# GIVEN DATA
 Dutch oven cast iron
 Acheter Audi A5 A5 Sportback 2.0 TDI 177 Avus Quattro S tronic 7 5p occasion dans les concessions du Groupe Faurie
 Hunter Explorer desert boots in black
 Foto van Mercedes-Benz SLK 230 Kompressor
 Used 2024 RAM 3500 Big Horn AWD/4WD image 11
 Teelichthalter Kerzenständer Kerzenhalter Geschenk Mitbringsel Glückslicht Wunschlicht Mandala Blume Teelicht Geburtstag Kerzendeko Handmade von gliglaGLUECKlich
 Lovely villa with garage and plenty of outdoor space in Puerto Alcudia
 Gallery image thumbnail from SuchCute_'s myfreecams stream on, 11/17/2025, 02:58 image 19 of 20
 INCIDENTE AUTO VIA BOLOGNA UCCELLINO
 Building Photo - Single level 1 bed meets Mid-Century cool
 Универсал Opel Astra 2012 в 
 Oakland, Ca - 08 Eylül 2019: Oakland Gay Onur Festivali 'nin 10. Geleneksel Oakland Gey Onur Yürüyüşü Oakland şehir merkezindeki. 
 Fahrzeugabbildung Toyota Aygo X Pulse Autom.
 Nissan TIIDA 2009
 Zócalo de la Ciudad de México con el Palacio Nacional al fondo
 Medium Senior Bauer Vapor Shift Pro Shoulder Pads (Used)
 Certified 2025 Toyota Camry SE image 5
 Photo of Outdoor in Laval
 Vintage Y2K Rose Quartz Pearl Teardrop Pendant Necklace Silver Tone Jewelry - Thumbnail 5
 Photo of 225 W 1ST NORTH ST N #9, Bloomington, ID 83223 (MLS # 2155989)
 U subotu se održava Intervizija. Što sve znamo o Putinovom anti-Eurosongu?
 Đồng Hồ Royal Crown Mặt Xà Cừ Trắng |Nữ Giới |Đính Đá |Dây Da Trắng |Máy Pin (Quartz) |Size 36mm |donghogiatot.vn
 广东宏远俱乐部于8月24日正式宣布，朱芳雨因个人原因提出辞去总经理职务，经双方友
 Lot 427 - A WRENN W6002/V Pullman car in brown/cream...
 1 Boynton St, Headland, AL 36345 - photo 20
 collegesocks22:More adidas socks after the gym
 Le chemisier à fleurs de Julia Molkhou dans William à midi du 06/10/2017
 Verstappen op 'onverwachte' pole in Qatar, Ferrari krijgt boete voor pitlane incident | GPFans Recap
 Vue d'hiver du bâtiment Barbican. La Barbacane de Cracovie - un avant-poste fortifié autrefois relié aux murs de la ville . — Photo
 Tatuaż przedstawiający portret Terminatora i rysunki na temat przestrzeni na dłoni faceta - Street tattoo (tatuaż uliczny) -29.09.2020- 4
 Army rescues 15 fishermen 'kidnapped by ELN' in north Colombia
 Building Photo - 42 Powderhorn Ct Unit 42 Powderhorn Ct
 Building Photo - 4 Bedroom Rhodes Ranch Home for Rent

# EXERCISE REQUIREMENTS
From the material above, set down exactly the lines between the line holding "Certified 2025 Toyota Camry SE image 5" and the line holding "Building Photo - 42", inclusive. Include nothing else.

# THE ANSWER
 Certified 2025 Toyota Camry SE image 5
 Photo of Outdoor in Laval
 Vintage Y2K Rose Quartz Pearl Teardrop Pendant Necklace Silver Tone Jewelry - Thumbnail 5
 Photo of 225 W 1ST NORTH ST N #9, Bloomington, ID 83223 (MLS # 2155989)
 U subotu se održava Intervizija. Što sve znamo o Putinovom anti-Eurosongu?
 Đồng Hồ Royal Crown Mặt Xà Cừ Trắng |Nữ Giới |Đính Đá |Dây Da Trắng |Máy Pin (Quartz) |Size 36mm |donghogiatot.vn
 广东宏远俱乐部于8月24日正式宣布，朱芳雨因个人原因提出辞去总经理职务，经双方友
 Lot 427 - A WRENN W6002/V Pullman car in brown/cream...
 1 Boynton St, Headland, AL 36345 - photo 20
 collegesocks22:More adidas socks after the gym
 Le chemisier à fleurs de Julia Molkhou dans William à midi du 06/10/2017
 Verstappen op 'onverwachte' pole in Qatar, Ferrari krijgt boete voor pitlane incident | GPFans Recap
 Vue d'hiver du bâtiment Barbican. La Barbacane de Cracovie - un avant-poste fortifié autrefois relié aux murs de la ville . — Photo
 Tatuaż przedstawiający portret Terminatora i rysunki na temat przestrzeni na dłoni faceta - Street tattoo (tatuaż uliczny) -29.09.2020- 4
 Army rescues 15 fishermen 'kidnapped by ELN' in north Colombia
 Building Photo - 42 Powderhorn Ct Unit 42 Powderhorn Ct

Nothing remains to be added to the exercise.